And I thought I should post that my VET found it absolutely ADORABLE how Gary wanted kissses from me-- I was craddling him like a baby.. and reached up and grabbed my face with my paws, pulling my face to his.. we gave each other kisses. She said she has never seen cats act like that before and that he is obviously well loved!!!


----------



## horseplaypen (Apr 1, 2004)

lol... Ariel does that _sometimes_... but I have to say, Gary seems a lot sweeter about it! Ariel has picked up this habit in the past few months... she'll come sit in my lap, and if I stop petting her or if she feels she's not getting enough attention, she'll reach up and paw at my cheek. If I don't give in to her demands, she'll add a little more incentive by way of claws. :lol: Never enough to hurt, but she's turning into a spoiled brat!


----------



## chris06516 (Mar 12, 2005)

When my cat Slinky was still alive, I kissed her every chance I could, and that was pretty often since she would tilt her head up for me to kiss her! She would even lick my face, like she was kissing me back (how I miss that). My other cat China, on the other hand, does not like to be kissed. I try to sneak one in at least a few times a day, but I feel bad because she really doesn't like it.
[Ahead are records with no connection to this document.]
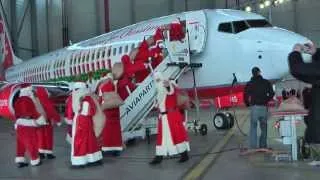 A dozen Santa Claus visiting the Christmas aircraft "Merry Santa" of Air Berlin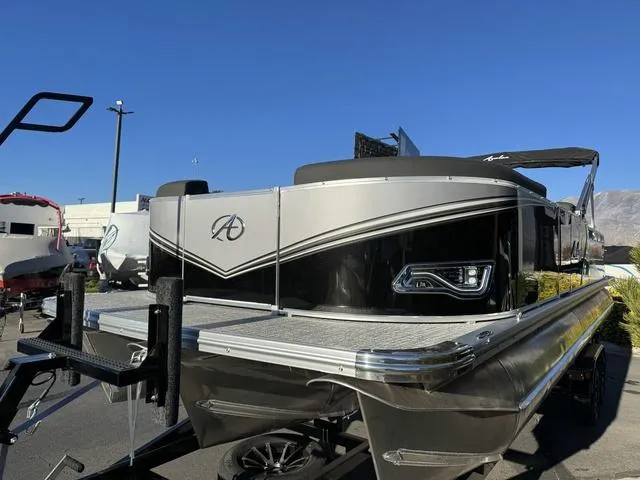 Slide: The Image of 2024 Avalon LSZ Versatile Rear Lounger 23 FT pontoon boat, sleek design, parked outdoors. - 3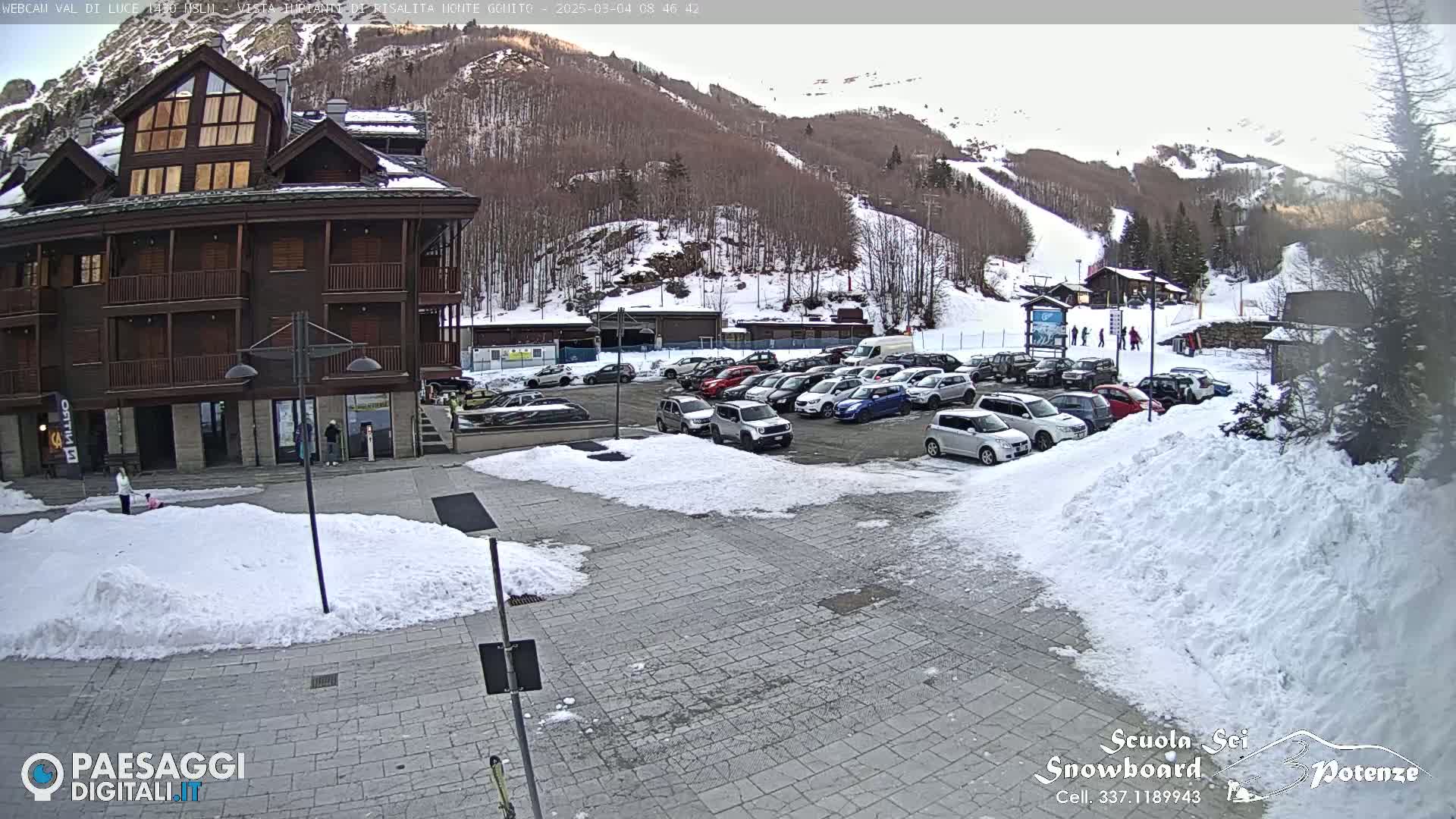 A snow-covered parking lot with cars is in front of a brown multi-story building, with a ski slope visible in the background on a cloudy day.
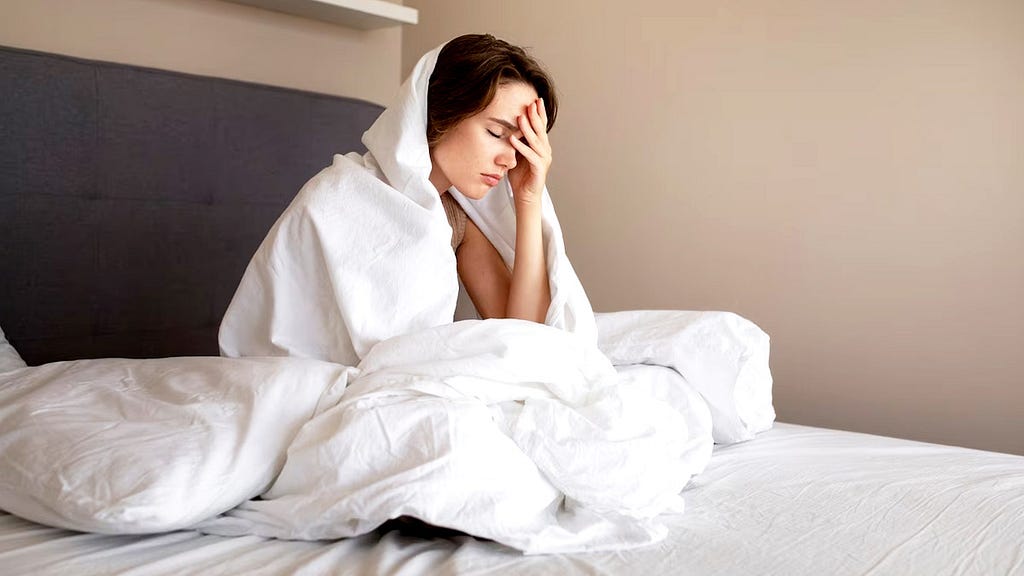 Woman in bed wrapped in bed sheets and in a bad mood. She looks tired.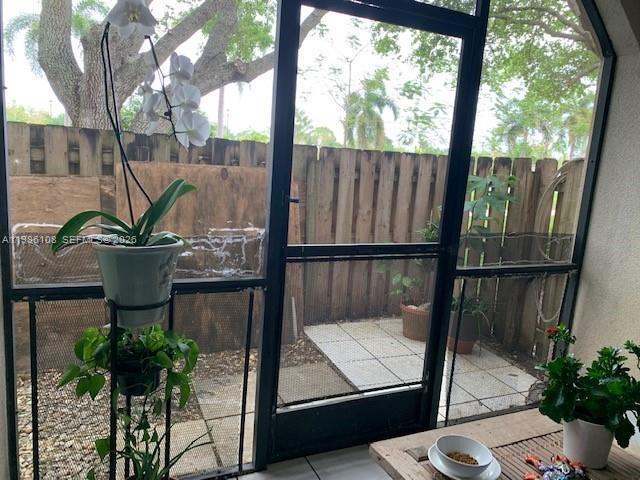 513 Racquet Club Road, Unit 55 Weston, FL 33326 - Photo 16 of 25 a view of balcony with a potted plant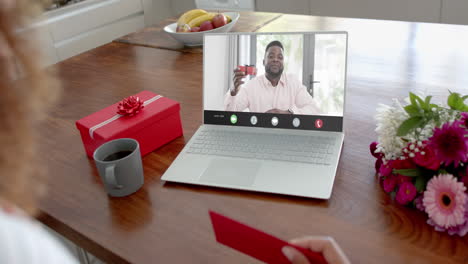 Caucasian-woman-holding-envelope-and-talking-with-african-american-man-on-laptop-screen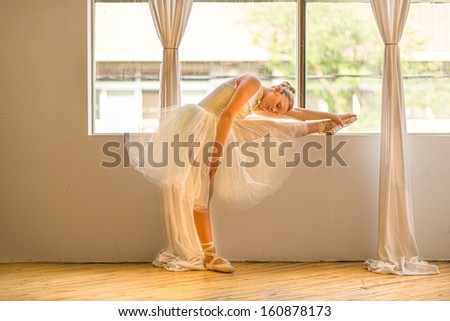teen girl ballet dancer stretching beside a window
But she smells soooo good.......  

Chris


----------



## Nero the Sable (Oct 28, 2004)

I kiss my cats (and pup) far too much. :lol: I'd say that Halifax gets the most kisses - and he is always following me around and enjoys being held the most... plus he is just my sweetest little muffin ever. :luv Kiley of course, gets the 2nd (most?) amount of kisses - because he isn't into kisses as much - but endures them as long as I pet him. Tigger gets the third amount only because he sleeps too much and Momo the fourth because I can't pick her up and kiss her while I'm walking around the house. :lol:


----------



## RockysMom (Jun 27, 2005)

My baby loves kisses on top of her head. Too many each day to count. She actually comes up to me and turns her head to get a kiss. She is 14 and has been doing this for as long as I can remember. She loves hugs too. My husband and I laugh about how much we talk to Rocky. We love her SO much.


----------



## icklemiss21 (Aug 29, 2004)

JackieT said:


> And I thought I should post that my VET found it absolutely ADORABLE how Gary wanted kissses from me-- I was craddling him like a baby.. and reached up and grabbed my face with my paws, pulling my face to his.. we gave each other kisses


Mine are like that - my vet said they are all spolit brats and should spend a weekend with him to see how real cats should behave and be treated  He just shakes his head when I give them all kisses. Last time Bumper was in for a check up and annual shots, he asked us to wait in the waiting room because Bumper gets really stressed outside the house... 20 seconds later, he came back to get me the poor thing was hiding and shaking and his fur was flying everywhere... he just isn't happy unless I hold him! :roll:


----------



## Superkitties (Jan 30, 2004)

Awww, this IS a cute thread!

Too many to count, kisses all the time. When I lean in close, and say "kissie-kissie?" the kitties will reach up for a kiss. And I kiss them (almost) everywhere.


----------



## Lisalee (Apr 5, 2005)

I kiss Sash many, many times a day! Too many to count and he loves it!  I hug him and kiss him and he just closes his eyes, like he's very contented. He's just like a big teddy bear! :luv


----------



## stormy (Dec 7, 2003)

Whenever I can sneak one in! They don't like it all too much!! :lol:


----------



## joharriforce4 (Jun 28, 2005)

too many times to count... sometimes I even get a kiss back 8O


----------